- Born: 1933
- Died: 7 January 2007 (aged 73–74)
- Occupation: political leader
- Known for: contesting polls
- Political party: Stomach Party

= Hotte Paksha Rangaswamy =

Indian politician

Hotte Paksha Rangaswamy (ಹೊಟ್ಟೆ ಪಕ್ಷ ರಂಗಸ್ವಾಮಿ; 1933 – 7 January 2007) was a political leader from the Indian state of Karnataka, who had a penchant for contesting elections. He is a Guinness World Records holder for having contested the highest number of elections - he unsuccessfully did so 86 times.

==Name==
His name literally translates to Rangaswamy of the Stomach Party in Kannada. This is attributed to his electoral plank of food shortage, which made him popular. He earned the name Hotte Paksha after he floated a political party by that name.

==Electoral penchant==
He made his electoral debut in 1967 when he contested the Lok Sabha poll against the then railway minister Kengal Hanumanthaiah. He fought 85 further electoral battles.

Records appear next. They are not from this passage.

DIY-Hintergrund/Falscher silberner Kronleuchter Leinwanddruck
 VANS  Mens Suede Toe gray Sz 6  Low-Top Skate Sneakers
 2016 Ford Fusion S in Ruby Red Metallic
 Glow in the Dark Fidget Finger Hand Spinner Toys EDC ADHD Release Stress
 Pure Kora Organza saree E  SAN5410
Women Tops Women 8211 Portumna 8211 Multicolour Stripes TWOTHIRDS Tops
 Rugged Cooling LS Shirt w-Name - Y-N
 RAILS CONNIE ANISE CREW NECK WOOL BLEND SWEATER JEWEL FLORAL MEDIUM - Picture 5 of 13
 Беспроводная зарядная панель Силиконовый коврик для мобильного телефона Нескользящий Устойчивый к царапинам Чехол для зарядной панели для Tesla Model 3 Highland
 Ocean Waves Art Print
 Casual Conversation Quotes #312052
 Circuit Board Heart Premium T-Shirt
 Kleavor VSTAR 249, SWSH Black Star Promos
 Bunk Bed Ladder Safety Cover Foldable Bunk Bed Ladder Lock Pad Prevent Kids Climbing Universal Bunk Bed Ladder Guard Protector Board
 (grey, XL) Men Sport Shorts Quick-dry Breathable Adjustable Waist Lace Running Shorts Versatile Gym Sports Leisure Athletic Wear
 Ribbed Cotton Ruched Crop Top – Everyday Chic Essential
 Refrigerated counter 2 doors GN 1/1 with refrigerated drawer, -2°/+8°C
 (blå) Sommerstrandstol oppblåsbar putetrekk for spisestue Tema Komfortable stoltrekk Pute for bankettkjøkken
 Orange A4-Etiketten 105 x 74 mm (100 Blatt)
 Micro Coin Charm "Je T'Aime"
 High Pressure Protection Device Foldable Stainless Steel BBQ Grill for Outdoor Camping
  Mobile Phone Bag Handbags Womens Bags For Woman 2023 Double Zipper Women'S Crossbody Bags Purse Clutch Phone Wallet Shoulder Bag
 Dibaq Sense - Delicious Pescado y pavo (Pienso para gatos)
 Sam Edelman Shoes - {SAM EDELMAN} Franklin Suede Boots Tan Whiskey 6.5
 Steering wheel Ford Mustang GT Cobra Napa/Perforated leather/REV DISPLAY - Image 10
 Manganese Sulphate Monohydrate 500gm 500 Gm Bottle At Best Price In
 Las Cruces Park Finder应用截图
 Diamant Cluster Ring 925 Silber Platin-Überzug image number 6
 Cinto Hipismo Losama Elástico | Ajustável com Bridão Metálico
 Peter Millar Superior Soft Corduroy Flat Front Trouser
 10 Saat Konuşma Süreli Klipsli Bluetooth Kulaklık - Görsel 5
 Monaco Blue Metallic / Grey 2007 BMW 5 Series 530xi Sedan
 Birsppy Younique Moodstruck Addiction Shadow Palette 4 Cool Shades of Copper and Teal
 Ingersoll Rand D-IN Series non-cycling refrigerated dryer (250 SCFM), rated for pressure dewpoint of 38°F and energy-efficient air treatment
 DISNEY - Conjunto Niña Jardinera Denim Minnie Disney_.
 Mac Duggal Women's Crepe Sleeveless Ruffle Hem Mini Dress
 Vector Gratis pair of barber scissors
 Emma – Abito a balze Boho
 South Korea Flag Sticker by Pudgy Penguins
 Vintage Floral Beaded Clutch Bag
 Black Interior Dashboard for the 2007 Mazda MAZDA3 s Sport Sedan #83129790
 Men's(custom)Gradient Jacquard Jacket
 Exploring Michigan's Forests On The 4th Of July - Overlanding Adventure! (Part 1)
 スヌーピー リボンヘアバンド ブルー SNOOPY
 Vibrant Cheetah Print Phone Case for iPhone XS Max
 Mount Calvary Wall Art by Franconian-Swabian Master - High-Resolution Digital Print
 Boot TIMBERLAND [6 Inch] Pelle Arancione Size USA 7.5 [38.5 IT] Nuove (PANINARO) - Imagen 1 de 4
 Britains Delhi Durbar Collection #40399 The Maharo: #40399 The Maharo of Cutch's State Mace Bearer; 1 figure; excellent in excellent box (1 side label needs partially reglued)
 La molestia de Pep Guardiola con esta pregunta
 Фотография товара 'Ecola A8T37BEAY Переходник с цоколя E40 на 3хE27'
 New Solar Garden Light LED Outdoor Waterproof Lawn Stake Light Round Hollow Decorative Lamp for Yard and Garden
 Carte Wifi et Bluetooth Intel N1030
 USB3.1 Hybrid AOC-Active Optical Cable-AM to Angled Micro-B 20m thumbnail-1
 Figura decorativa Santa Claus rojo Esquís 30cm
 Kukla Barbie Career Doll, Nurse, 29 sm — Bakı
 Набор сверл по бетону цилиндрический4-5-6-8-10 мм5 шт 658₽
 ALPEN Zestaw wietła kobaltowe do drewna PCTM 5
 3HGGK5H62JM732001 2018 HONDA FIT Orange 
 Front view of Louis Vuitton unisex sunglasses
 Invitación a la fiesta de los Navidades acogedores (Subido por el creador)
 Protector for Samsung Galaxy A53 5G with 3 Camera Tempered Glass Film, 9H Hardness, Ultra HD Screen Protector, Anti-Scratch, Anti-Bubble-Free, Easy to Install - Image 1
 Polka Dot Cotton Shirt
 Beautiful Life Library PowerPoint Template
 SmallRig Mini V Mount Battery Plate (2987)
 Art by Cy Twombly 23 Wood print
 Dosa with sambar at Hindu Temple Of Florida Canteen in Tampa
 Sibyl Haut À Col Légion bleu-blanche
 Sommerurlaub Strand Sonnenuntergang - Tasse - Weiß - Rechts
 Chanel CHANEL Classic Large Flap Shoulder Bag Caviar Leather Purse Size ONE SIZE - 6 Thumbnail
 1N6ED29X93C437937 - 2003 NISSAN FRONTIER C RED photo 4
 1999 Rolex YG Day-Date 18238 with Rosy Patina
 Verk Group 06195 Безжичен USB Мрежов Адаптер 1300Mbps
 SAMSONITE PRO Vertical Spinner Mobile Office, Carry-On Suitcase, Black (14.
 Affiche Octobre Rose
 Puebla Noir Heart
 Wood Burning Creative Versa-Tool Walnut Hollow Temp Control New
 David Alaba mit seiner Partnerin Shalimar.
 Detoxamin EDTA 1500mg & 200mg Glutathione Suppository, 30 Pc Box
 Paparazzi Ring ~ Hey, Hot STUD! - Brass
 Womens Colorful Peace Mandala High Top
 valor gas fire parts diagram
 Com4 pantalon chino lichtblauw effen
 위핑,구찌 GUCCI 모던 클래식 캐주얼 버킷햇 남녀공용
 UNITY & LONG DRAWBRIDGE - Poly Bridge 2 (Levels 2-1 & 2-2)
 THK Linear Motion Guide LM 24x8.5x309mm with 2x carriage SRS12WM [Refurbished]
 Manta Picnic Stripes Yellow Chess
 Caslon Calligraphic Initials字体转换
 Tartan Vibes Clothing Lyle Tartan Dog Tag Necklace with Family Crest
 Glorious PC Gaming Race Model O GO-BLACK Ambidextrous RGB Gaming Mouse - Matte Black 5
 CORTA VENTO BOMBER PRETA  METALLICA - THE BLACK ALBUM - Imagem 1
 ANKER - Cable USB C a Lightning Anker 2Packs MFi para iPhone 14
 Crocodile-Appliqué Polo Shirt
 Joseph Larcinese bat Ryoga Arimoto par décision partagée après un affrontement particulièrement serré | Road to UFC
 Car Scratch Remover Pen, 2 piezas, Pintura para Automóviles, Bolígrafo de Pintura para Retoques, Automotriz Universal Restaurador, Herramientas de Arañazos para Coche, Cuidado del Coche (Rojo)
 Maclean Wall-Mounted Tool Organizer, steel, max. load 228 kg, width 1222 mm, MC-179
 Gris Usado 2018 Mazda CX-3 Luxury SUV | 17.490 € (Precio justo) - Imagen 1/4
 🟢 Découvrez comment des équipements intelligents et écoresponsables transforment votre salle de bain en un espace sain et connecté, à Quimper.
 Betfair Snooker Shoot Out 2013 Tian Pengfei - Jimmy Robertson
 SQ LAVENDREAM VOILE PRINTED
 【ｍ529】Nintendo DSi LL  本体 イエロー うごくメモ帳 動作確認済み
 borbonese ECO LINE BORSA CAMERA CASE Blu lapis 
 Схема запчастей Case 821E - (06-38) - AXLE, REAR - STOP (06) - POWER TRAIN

In the 1970s, he ran against Indira Gandhi in the Chikmagalur by-poll. He also ran against the former Indian Prime Ministers Rajiv Gandhi and P. V. Narasimha Rao. His final electoral battle was against former Chief minister of Karnataka S. M. Krishna.

==Drive against poverty==
Rangaswamy released his own manifesto in 1967, made food shortage his election plank, and has been known to have sold rice at Rs. 1 a kg during election time, peddling his wares on a bullock cart. He also went across Karnataka cycling for the same cause. He was also known for his proclivity for filing Public Interest Litigation petitions.

==Later life==
"Hotte Paksha" Rangaswamy, with his trident and matted locks, was a familiar sight across Bangalore. In his later life, he wanted to be known as Swami Ranganathapuri, of Kishkindha Ashram in Ayodhya. He was survived by three sons.

==Trivia==
- His campaign symbol was an airplane.